With all due respect, I honestly believe those thirty or so complainants who have sued Sen. Tito Sotto III for alleged plagiarism are making a mountain out of a molehill.
They call themselves "free thinkers." No, they are not. For me, they are more of a group that delights to unknowingly display too narrow a mental landscape whenever their egos are hurt. I have always had the gut feeling that the case is just their own desperate way to get even with Sotto, whose recent privilege speeches have indeed enlightened the public as to why the RH Bill had been junked by already several past Congresses. In the looming happenstance that it is again rejected, it should be due to to the faults of no one else but these complainants'. For one, not one of them has intelligently challenged Sotto's arguments so far;
for another, the plagiarism case unnecessarily shortens the already fast diminishing session days of the lawmakers before they adjourn for the forthcoming elections.
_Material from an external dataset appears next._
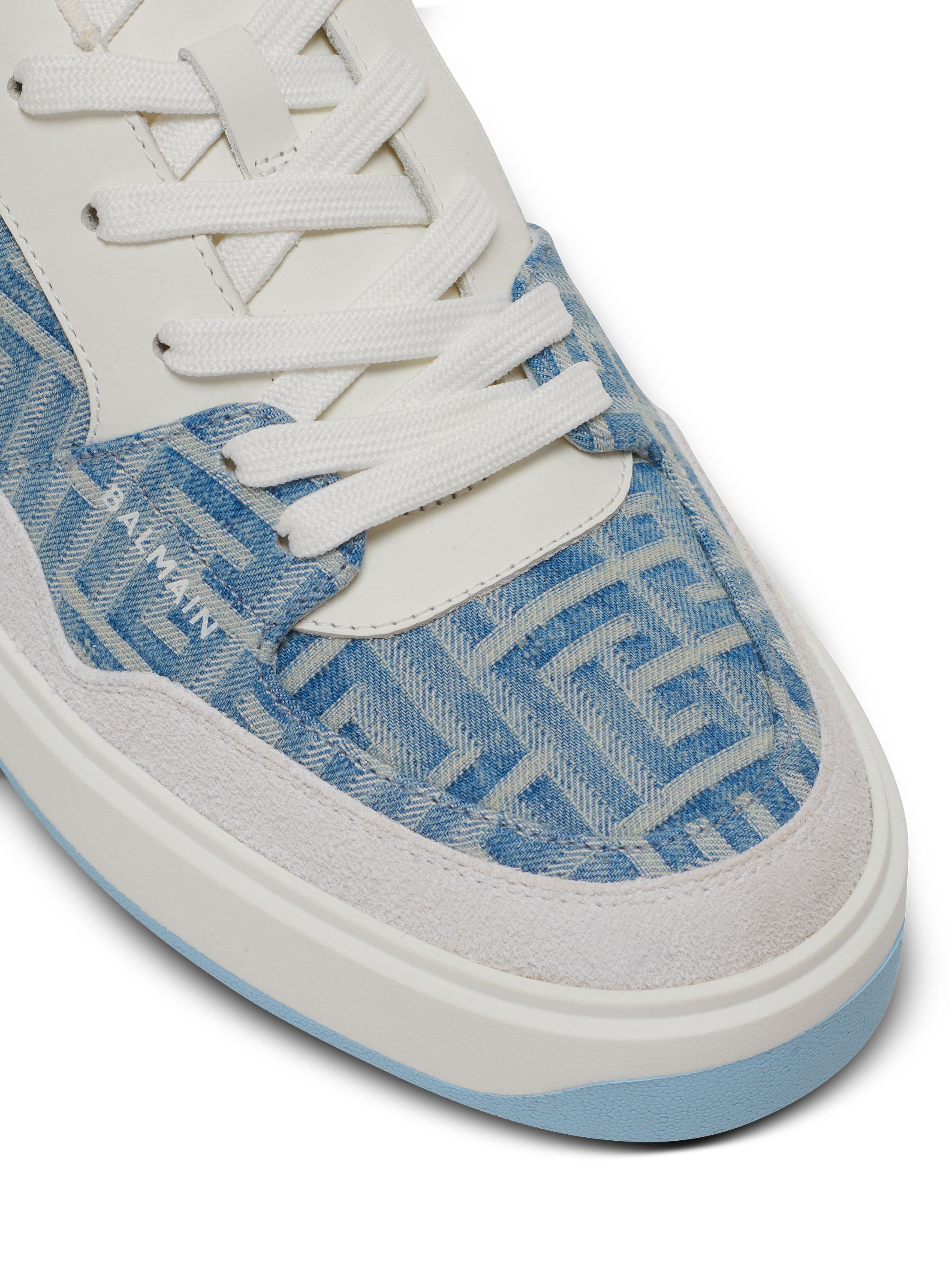 [BALMAIN]バルメイン Bコートフリップスニーカーモノグラムデニ B-Court Flip sneakers in monogrammed denim - Men | BALMAIN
Indeed, lawyer Romulo Macalintal and the group called Responsible Internet Users for Social Empowerment (Cyber.RISE) were right in separately positing there are so many important matters the Senate may more prudently spend the people's money for, rather than hear an ethics case for an alleged plagiarism that is deemed "baseless" from the very outset.
Truly baseless because, as far as I humbly know, plagiarism validly exists only when one publicly quotes the ideas or writings of another and passes them as his own. For heaven's sake, let us be a bit objective. Suppose in a speech or a published article, one speaker ir writer says: "words are like leaves, where they most abound, much fruit of the sense beneath is rarely found," without acknowledging its original source (Was it Alexander Pope? I'm not really sure!), is there plagiarism? On the other hand, did not Sotto time and again clarify in his speeches that the arguments he had been articulating were not his own? I really find it amusing that it had to be a group of bloggers -- in turn followed by certain free-thinking kuno academicians and lawyers -- not really the true authors of the ideas Sotto had lifted from the blogs, who had filed the plagiarism suit. If I may use some metaphors, isn't that quite laughably unlike "a whip to the horse and the cow complains?" Moreover, I hate to say this but I must: the complaint, so lengthily presented, and the quotation from Pope I earlier cited truly fits each other to a "T".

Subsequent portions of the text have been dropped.